Print only the lines from the one with "La maman filme" through the end of the data, exactly, and please omit pictures.

##### Dataset #####

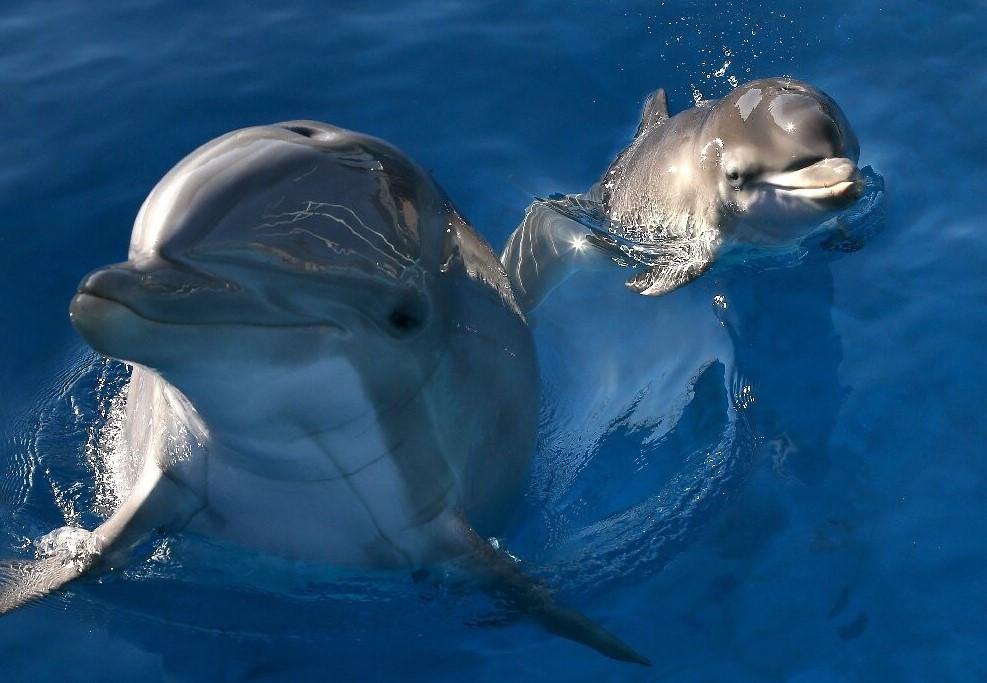 Dolphins taste friends’ urine to know they’re around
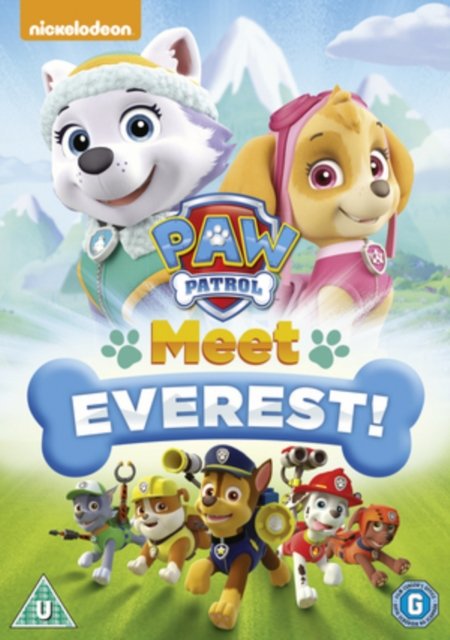Cover for Paw Patrol Meet Everest · Paw Patrol - Meet Everest (DVD) (2016)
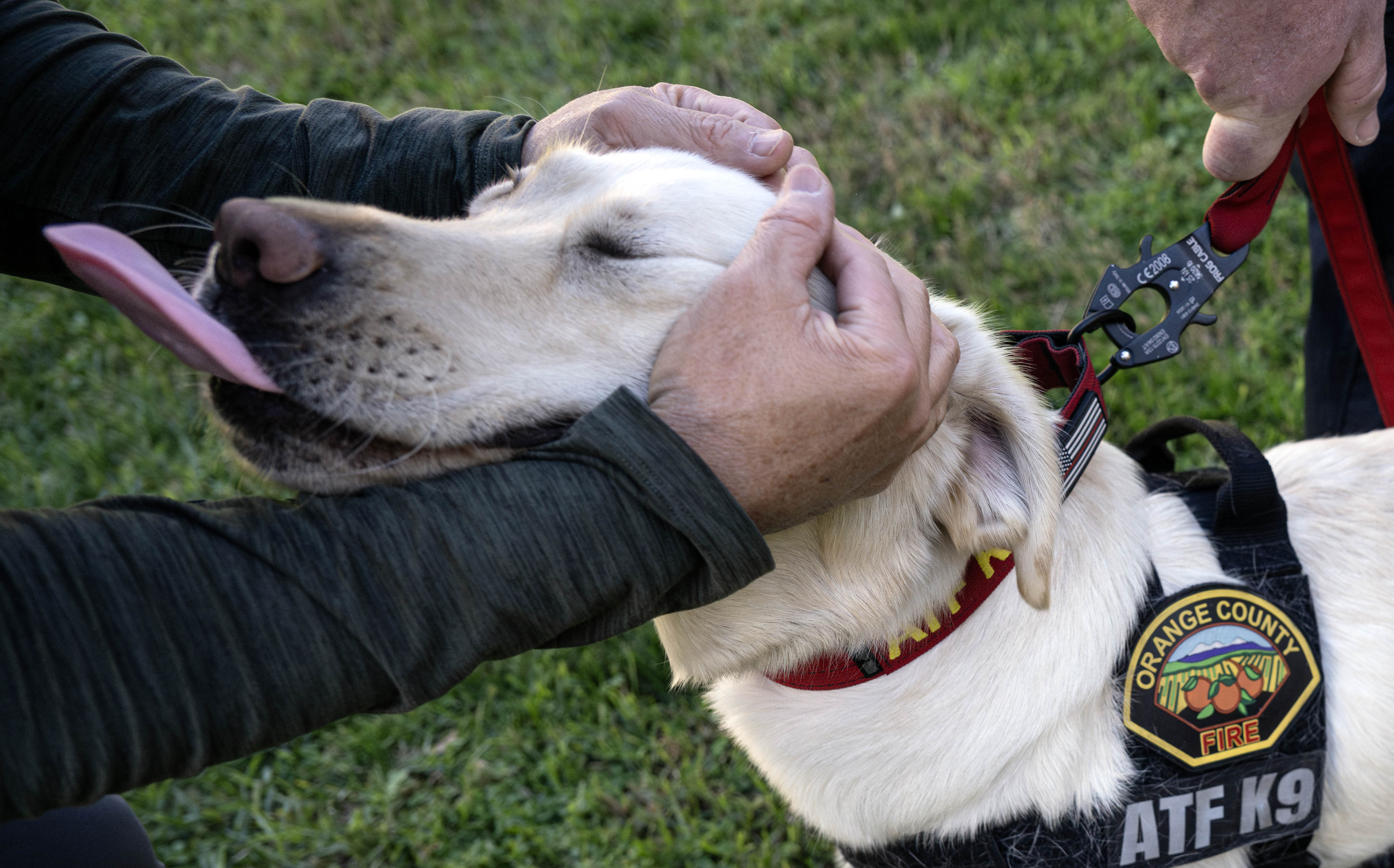 Timber, a highly trained ATF accelerant detection dog, takes part...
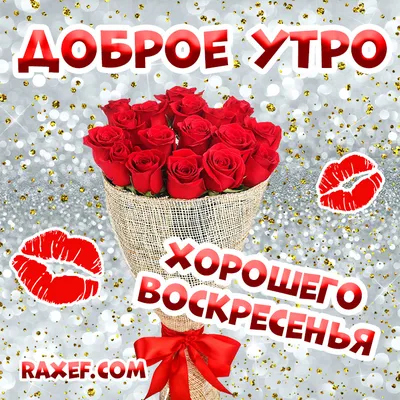 Доброе воскресное утро!!!#своскресеньем#своскреснымутром#сдобрымутромв... |  TikTok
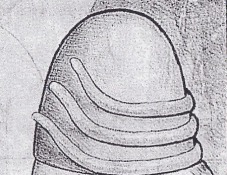 copricapo da Vinci
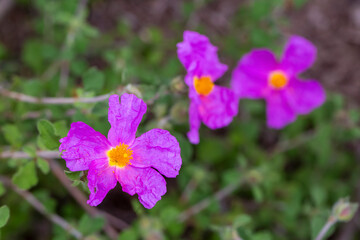 Laden; It is a plant species with white or pink flowers that make up the Cistus genus of the Cistaceae family.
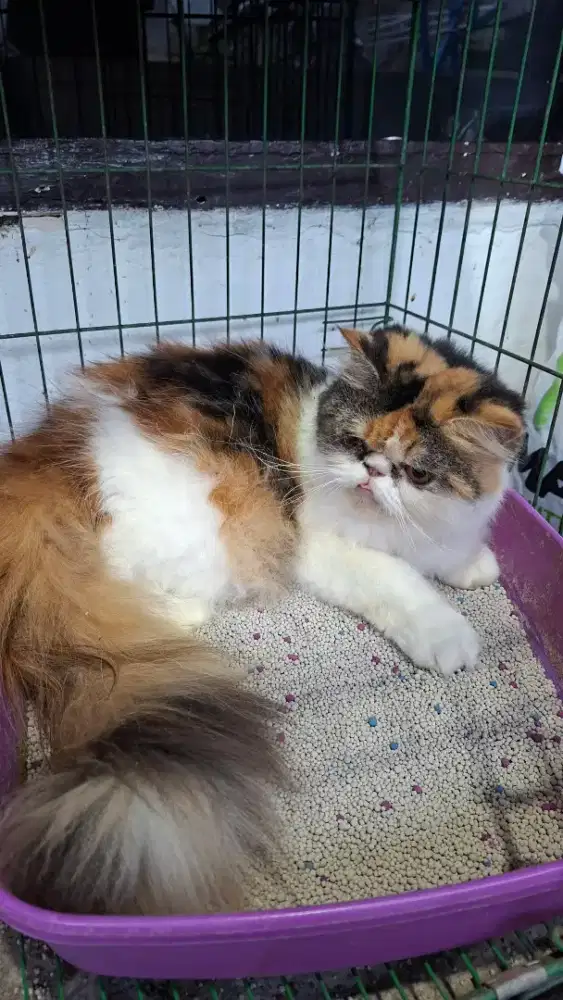 Peaknose betina plus kandang dan makanan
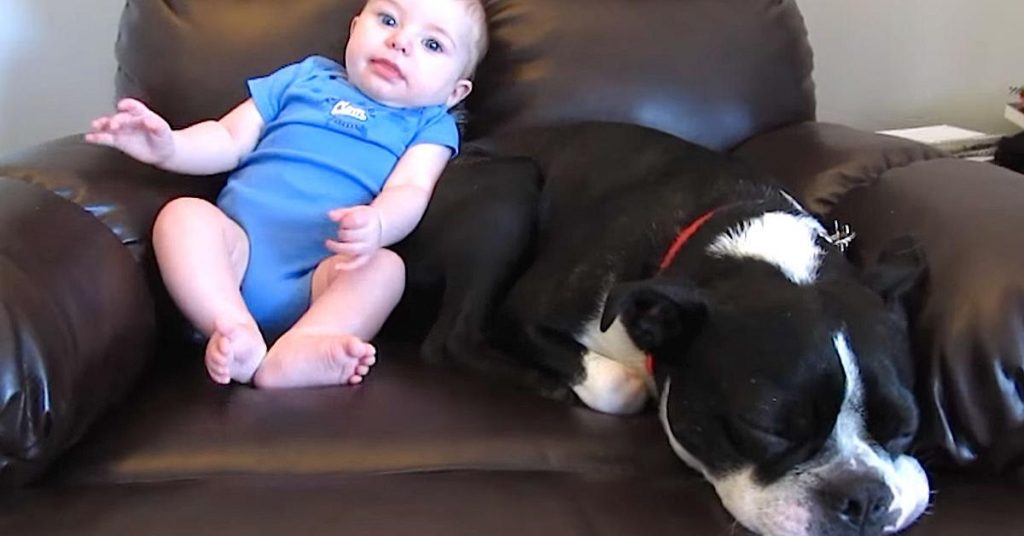 La maman filme son enfant à côté du chien. Soudain le bébé pète. La réaction de l’animal? À mourir de rire!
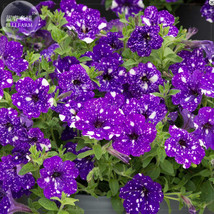 BELLFARM   Petunia &#39;Night Sky Blue&#39; Flowers 200 SEEDS  &#39;seeds&#39; white speckles ag - $7.00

#####

Task answer:
 La maman filme son enfant à côté du chien. Soudain le bébé pète. La réaction de l’animal? À mourir de rire!
 BELLFARM   Petunia &#39;Night Sky Blue&#39; Flowers 200 SEEDS  &#39;seeds&#39; white speckles ag - $7.00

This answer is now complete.